I doubt my opinions would be a good reference for a certification exam, but one of the main reasons I've never bothered to acquire certs is that the Real World is generally more complex than the cert world.
I usually don't use straight JSP's these days except for one or two significant exceptions:
1. Login/password failed pages when using form-based authentication
2. Home page for a webapp.
When outputting non-HTML (such as PDF's or graphics), I normally use servlets, although sometimes JSPs are good for XML output. Struts action processors are also good for non-HTML output.
Anything with any sort of dynamic content - whether inbound (forms) or outbound (query/update results) I usually would be using JSF. I've always felt that Struts is probably capable of heavier workloads than JSF, but that's just a feeling not backed by hard measurements, and so far I haven't done anything that JSF couldn't handle.
The reasons for cases 1 and 2 above are as follows:
1. When using container-based authentication, the container hijacks and caches the original HTTP request, presents the login page, and (if successful) then resumes the original request. Because the login page is done out of the mainstream logic flow, it may find it difficult to access the full line of server services, depending on what server the app is running under. Thus, my login pages are minimalistic and don't make unneccesary infrastructure demands.

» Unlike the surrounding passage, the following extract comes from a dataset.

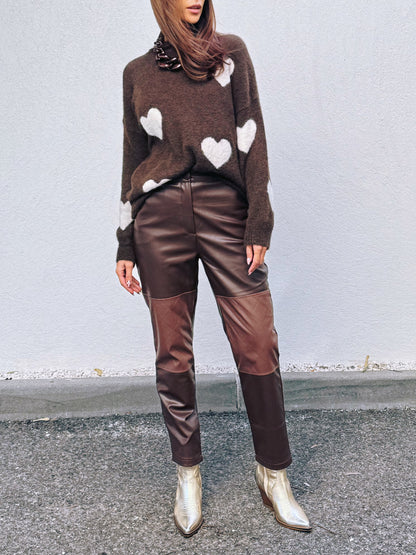 Pantalon effet cuir marron à empiècements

2. The site lead-in page (Home page, Hello page) is the place where users will go by default. Unlike some people, who think it's perfectly OK to put a Flash app on their lead-in page with all the secondary links done in Flash, I assume the worst of the user's browser. That is, primarily text displays (some of us use non-graphical browsers) and no assumption of support for cookies, JavaScript,
Java applets or other features which might either be either switched off or never installed.
I have a 64-bit machine and Flash-only websites are just one big blank page to my browser. A major auto brand lost a sale to their non-Flash competitor recently.
There's another reason why my hello page is a JSP. As I recall, the hello page in a web.xml is a document, rather than a URL. JSF pages don't have document IDs, only their templates do, and you can't just bring up the template - to work properly you need the JSF context. So some of my sites have a hello JSP that does nothing but redirect to a JSF hello page URL. Such is life.
By the above, you can see I don't have any "silver bullet" rules, though I do have some standards designed to enhance user-friendliness.